Where does the word "studio" show up in the data? Please find each such line and copy it.

Top of RECORDS FOR THIS TASK

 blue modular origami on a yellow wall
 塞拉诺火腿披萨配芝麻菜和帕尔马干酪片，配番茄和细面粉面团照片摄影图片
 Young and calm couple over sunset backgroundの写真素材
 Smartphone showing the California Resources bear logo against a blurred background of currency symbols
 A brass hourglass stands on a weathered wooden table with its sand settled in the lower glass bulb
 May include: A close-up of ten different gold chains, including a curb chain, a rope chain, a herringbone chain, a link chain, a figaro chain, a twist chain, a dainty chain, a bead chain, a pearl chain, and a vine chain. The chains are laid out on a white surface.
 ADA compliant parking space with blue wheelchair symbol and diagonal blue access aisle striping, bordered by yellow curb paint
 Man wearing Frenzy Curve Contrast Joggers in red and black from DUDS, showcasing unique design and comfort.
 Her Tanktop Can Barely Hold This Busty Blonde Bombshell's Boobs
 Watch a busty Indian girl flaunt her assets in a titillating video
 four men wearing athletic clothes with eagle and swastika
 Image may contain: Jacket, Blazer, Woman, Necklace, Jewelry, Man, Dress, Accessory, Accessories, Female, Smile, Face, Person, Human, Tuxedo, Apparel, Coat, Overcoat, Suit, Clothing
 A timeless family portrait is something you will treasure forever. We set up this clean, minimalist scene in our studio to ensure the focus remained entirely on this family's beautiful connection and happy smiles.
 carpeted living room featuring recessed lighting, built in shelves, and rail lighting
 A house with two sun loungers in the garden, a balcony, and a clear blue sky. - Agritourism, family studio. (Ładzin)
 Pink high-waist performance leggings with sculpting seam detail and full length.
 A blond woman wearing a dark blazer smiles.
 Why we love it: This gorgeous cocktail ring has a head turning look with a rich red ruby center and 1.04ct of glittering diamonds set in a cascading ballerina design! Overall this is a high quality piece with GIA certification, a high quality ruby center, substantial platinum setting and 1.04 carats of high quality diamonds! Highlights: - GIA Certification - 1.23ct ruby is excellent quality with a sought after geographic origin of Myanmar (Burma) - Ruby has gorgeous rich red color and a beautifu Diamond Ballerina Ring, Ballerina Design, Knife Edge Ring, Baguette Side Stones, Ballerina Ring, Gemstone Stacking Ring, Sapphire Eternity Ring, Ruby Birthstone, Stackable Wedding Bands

Bottom of RECORDS FOR THIS TASK

> _OUTPUT_
 A timeless family portrait is something you will treasure forever. We set up this clean, minimalist scene in our studio to ensure the focus remained entirely on this family's beautiful connection and happy smiles.
 A house with two sun loungers in the garden, a balcony, and a clear blue sky. - Agritourism, family studio. (Ładzin)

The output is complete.